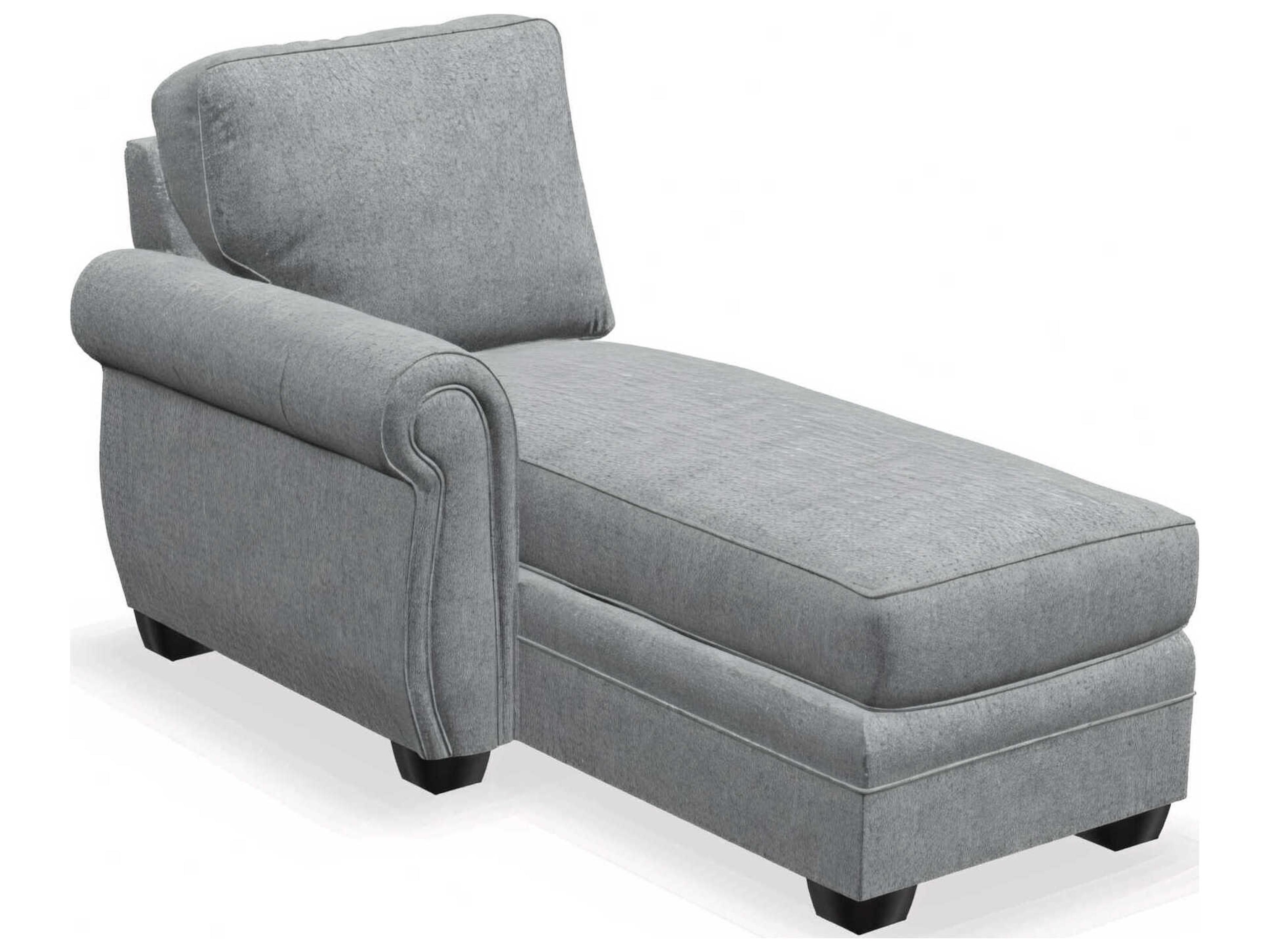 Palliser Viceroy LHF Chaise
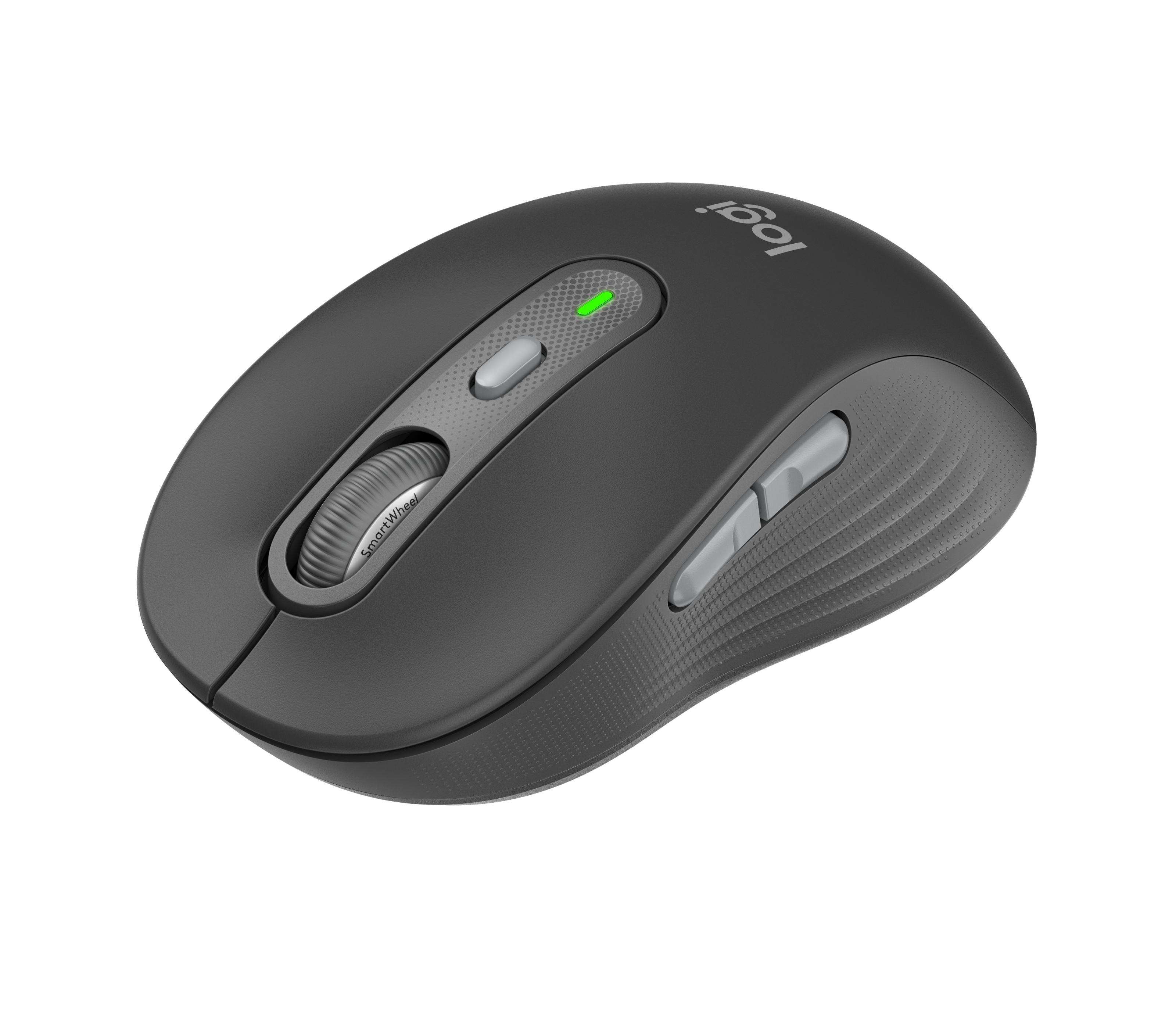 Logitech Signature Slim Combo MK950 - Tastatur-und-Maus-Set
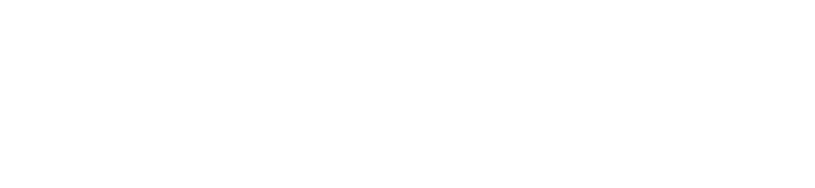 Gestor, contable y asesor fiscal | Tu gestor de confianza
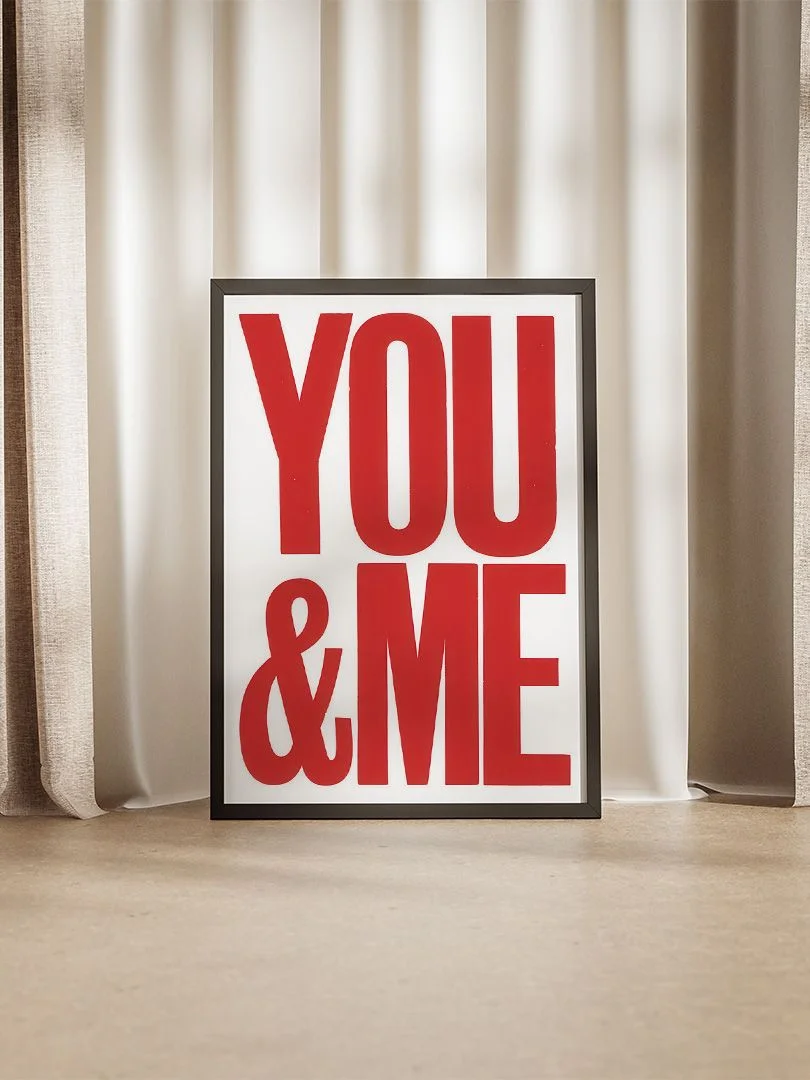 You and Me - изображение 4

» **YOUR TASK**: Your task is to repeat only the lines from the line containing "Logitech Signature Slim" through the final line of the material, inclusive; do not include pictures.

» **ANSWER TO THIS TASK**:
 Logitech Signature Slim Combo MK950 - Tastatur-und-Maus-Set
 Gestor, contable y asesor fiscal | Tu gestor de confianza
 You and Me - изображение 4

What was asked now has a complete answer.